Many visitors to Tennessee flock to Nashville, Memphis, and the Smoky Mountains and most have never heard of Clarksville. So, they don’t include it in their plans. Surprisingly, it has enough interesting activities to keep them busy for days, especially if they’re interested in history.

Tennessee cast the deciding vote to pass the 19th Amendment, granting women the right to vote.
Tennessee cast the deciding vote to pass the 19th Amendment, granting women the right to vote.

Downtown is Full of Surprises

I started my trip by following the Clarksville Then & Now Trail around the historic downtown area and learned some surprising facts about Clarksville and Tennessee.

We saw a statue of someone we immediately recognized: Frank Sutton, or Sergeant Carter in the show Gomer Pyle U.S.M.C. The statue felt so lifelike that we could almost hear him yelling, “PYLE!!!!!!”
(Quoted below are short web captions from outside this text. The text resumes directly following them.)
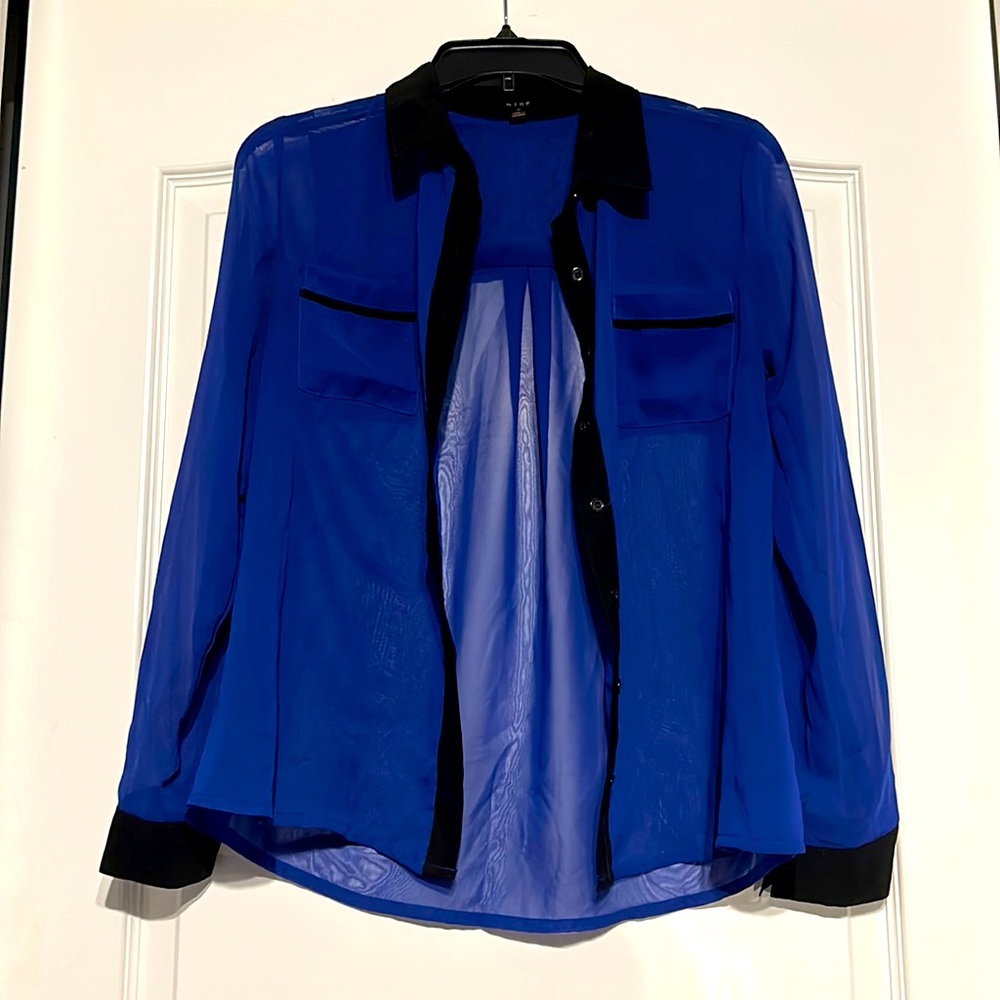 Size small. Sheer blue blouse.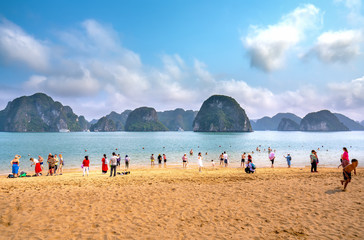 Halong bay, Vietnam - April 3rd, 2019: Tourists swimming, exploring around beach in Ti Top...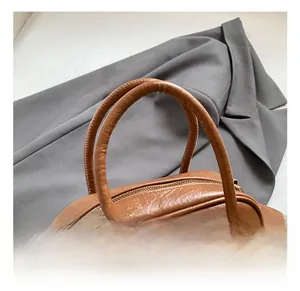 Vue détaillée du sac à main en cuir marron grainé avec doubles poignées cylindriques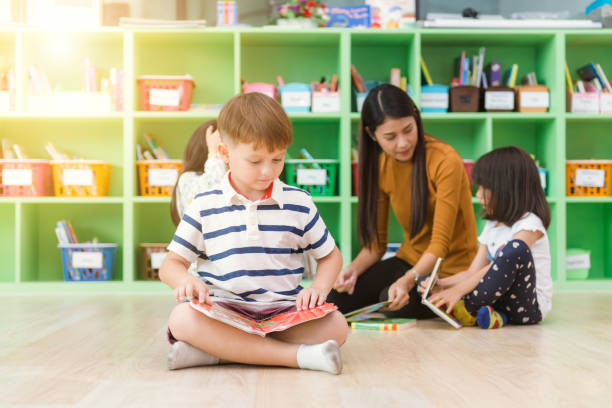 istock Row of multiethnic elementary students reading book in classroom. Vintage effect style pictures. 862622568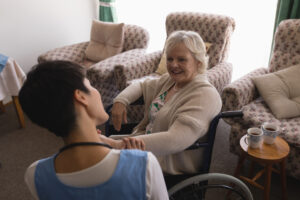 a nurse is talking to an elderly woman in a wheelchair. she is holding the woman's wrist, as if checking her pulse. there are flowery armchairs behind them, and a table next to the elderly woman with two cups of coffee.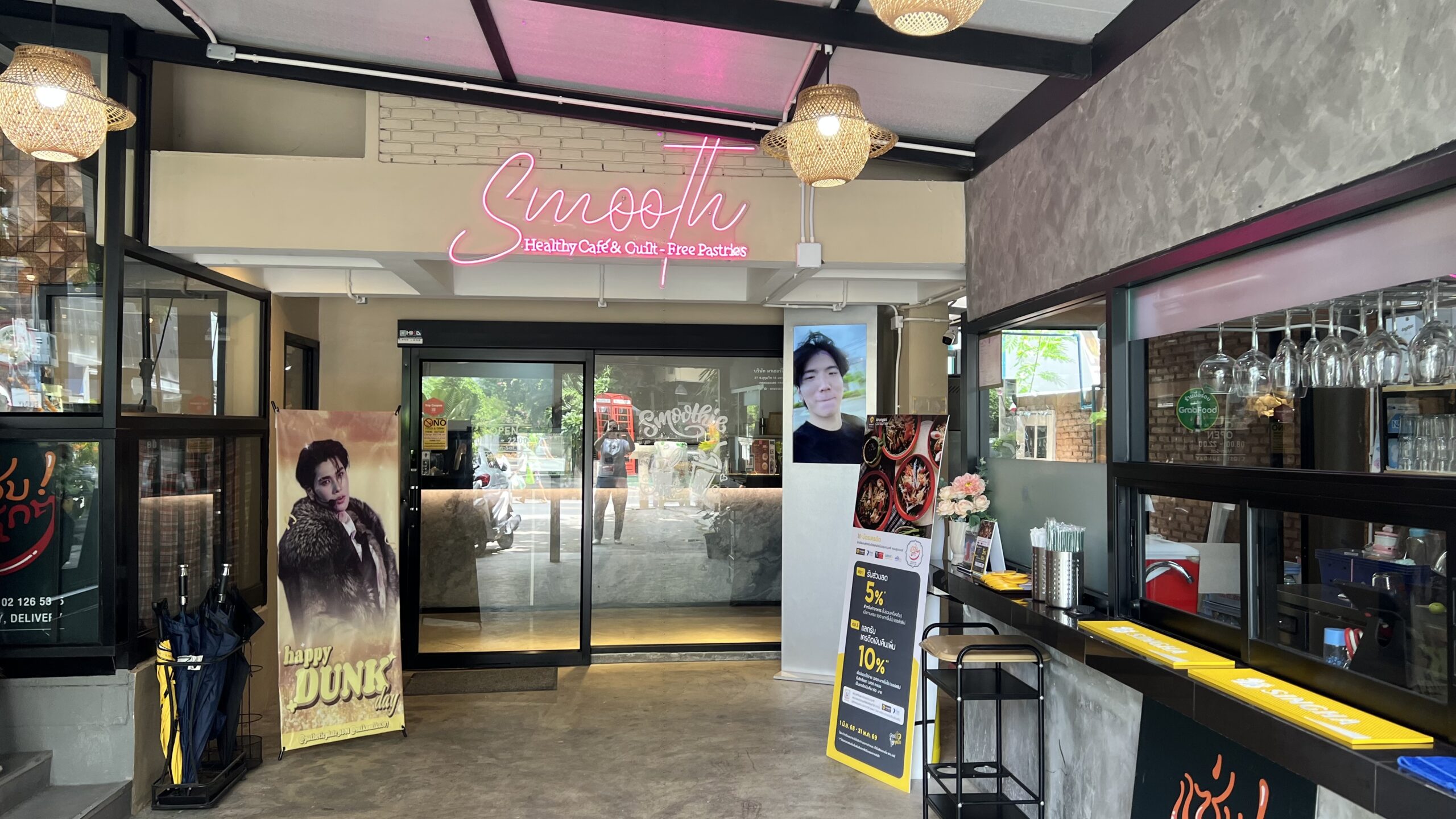 ทางเข้าร้าน Smooth Healthy Cafe & Guilt-Free Pastries พร้อมป้ายไฟนีออนสีชมพูและบาร์เคาน์เตอร์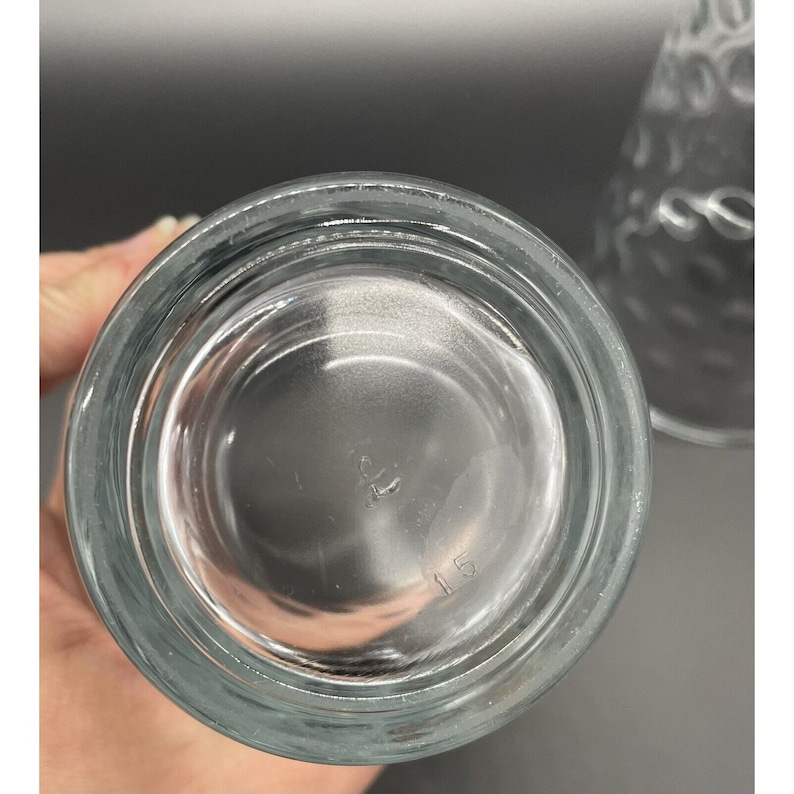 May include: Clear glass drinking glass with a textured surface. The bottom of the glass has the number "115" printed on it.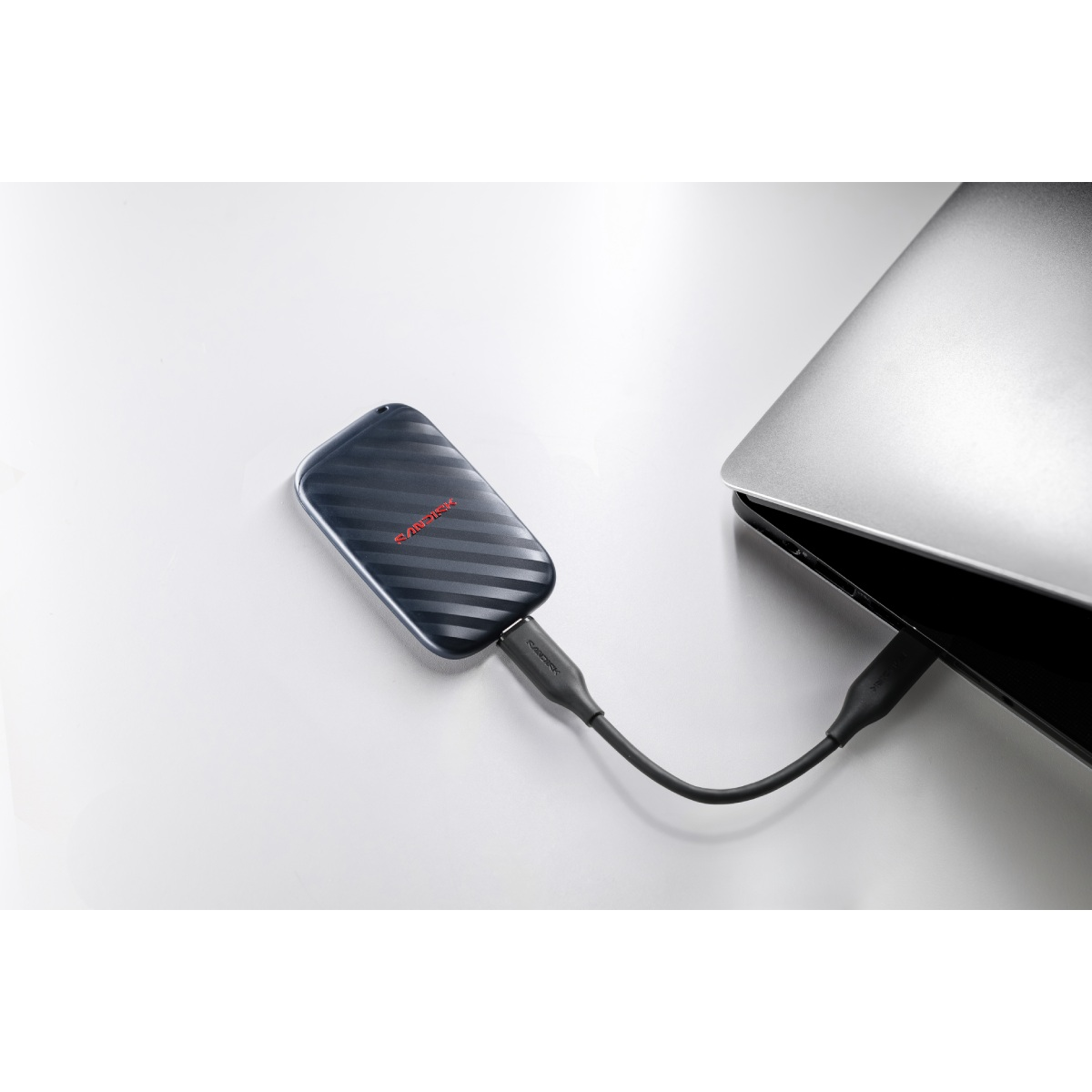 Un SSD SanDisk negro sobre una superficie blanca, conectado por un cable a un ordenador portátil.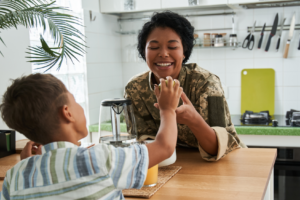 smiling woman in military uniform holding the hand of a young boy sitting across the table from her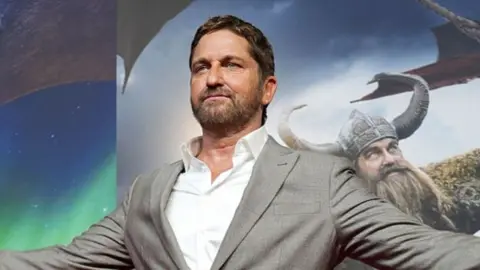 Gerard Butler wearing a grey suit jacket and a white shirt. He has dark hair and facial hair. Behind him is a poster for the film.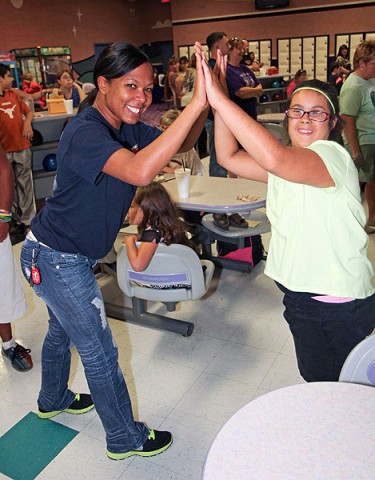 Sgt. 1st Class Takethia Branch, the retention non commissioned officer assigned to Headquarters, Headquarters Company, 3rd Brigade Combat Team "Rakkasans," 101st Airborne Division (Air Assault), celebrates with an athlete with the Buddy Ball program at the Pinnacle bowling alley, Clarksville, Tenn., Aug. 27, 2013. (Army Photo by Spc. Brian Smith-Dutton, 3BCT Public Affairs)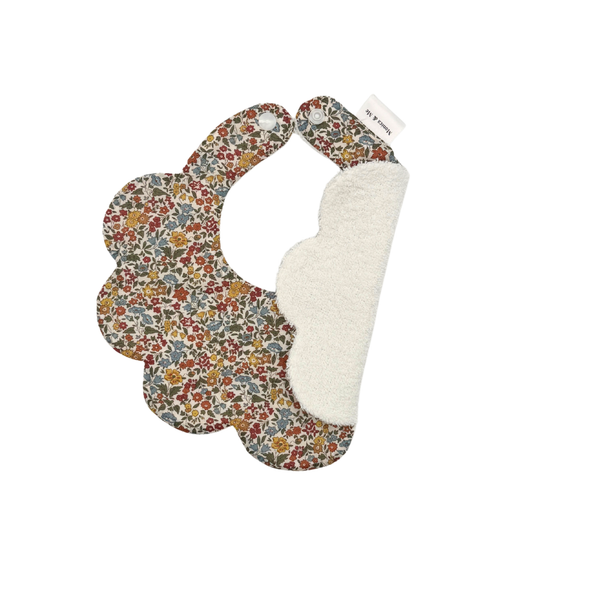 Small floral scalloped baby bib in neutral tones, Ava A, close-up of the print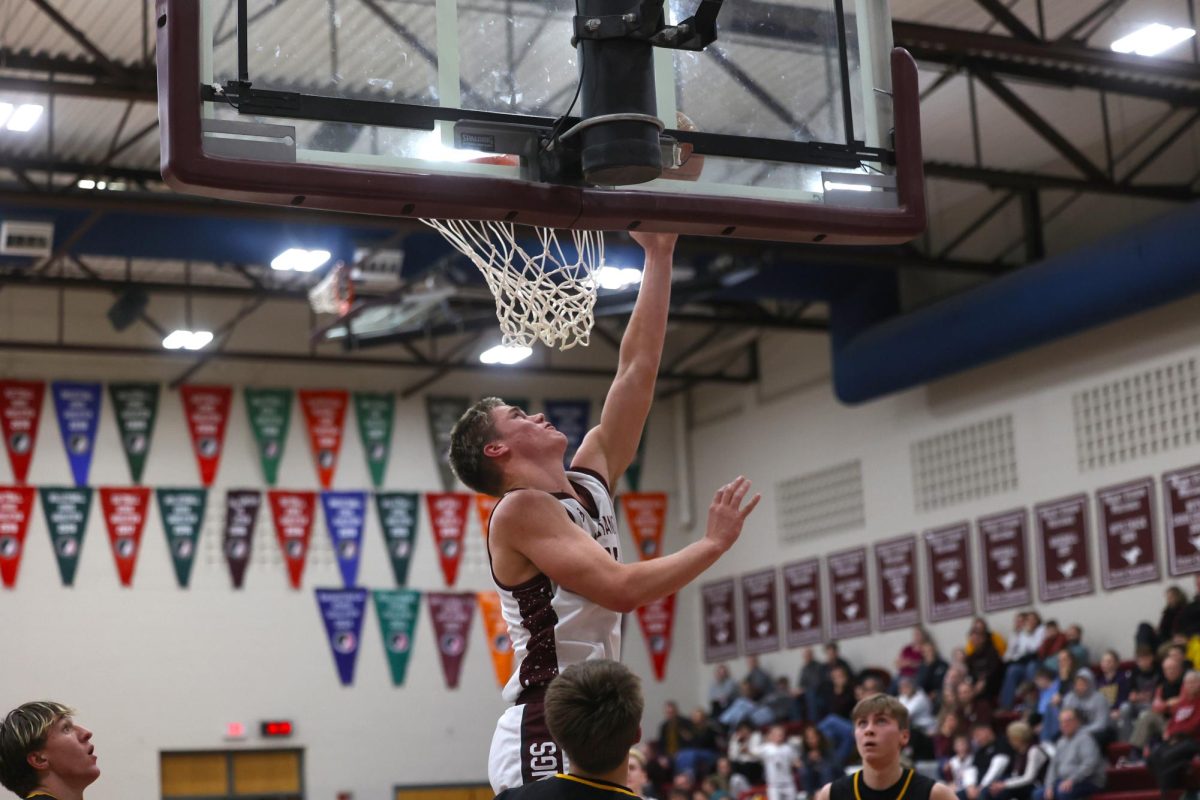 Senior Joe Briesemeister goes up for a layup as CPU players watch in amazement.. 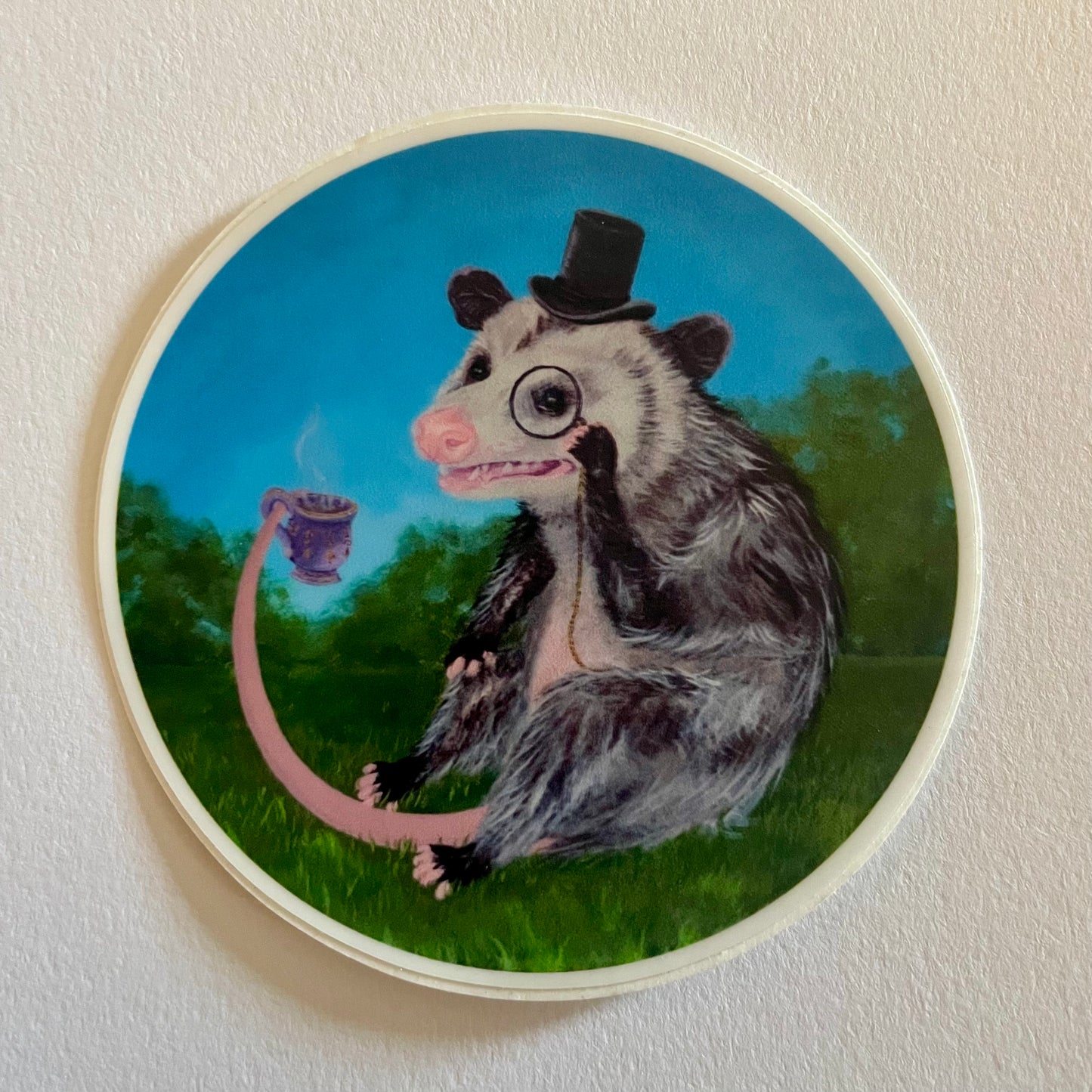 Sticker with an illustration of an opossum wearing a top hat and holding a tea cup on a grassy background.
Did you know the Tennessee legislature cast the deciding vote to pass the 19th Amendment, granting women the right to vote?

We didn’t until we saw a monument in Clarksville’s Public Square. At that time, 36 states were needed to ratify a constitutional amendment. Tennessee was number 36 and is proud of its integral role in such a significant historical event.

David Smith, a retired Army photographer who runs Clarksville Aerial Photography, wowed us by pointing out various buildings and recounting the history of each when he learned we were visitors,

Traders bought and sold slaves at the Montgomery County Courthouse and the Market House on Public Square.
Traders bought and sold slaves at the Montgomery County Courthouse and the Market House on Public Square.

Slave Trading in Downtown Clarksville

Clarksville has an African American Trail with 22 stops around town. The three that touched us the most were the Slave Market, the Wilma Rudolph Memorial, and the Monument to Colored Civil War Troops at Fort Defiance.

Before the Civil War, slaves were the foundation of Clarksville’s economy. Traders bought and sold them at the Montgomery County Courthouse and the Market House on Public Square.

As we looked at the place where slaves were caged like animals until they were sold, we could only imagine how they felt not knowing where they were going or if they’d ever see their friends and family again.

When slavery was abolished in 1863, the Union Army recruited African Americans, and almost 200,000 men signed up. Most were former slaves, and they became part of the United States Colored Troops (USCT). We were surprised to learn that by the end of the Civil War, the USCT included one light infantry regiment and 135 infantry, 13 heavy artillery and six cavalry regiments.

Fort Defiance was built in 1861 so Confederate troops could protect Clarksville from Union attacks.
Fort Defiance was built in 1861 so Confederate troops could protect Clarksville from Union attacks.

Fort Defiance Civil War Interpretive Center

At Fort Defiance, we immersed ourselves in Civil War history. Our guide even had a direct connection to the Civil War because his great-great-grandfather was a member of the 7th Tennessee Infantry.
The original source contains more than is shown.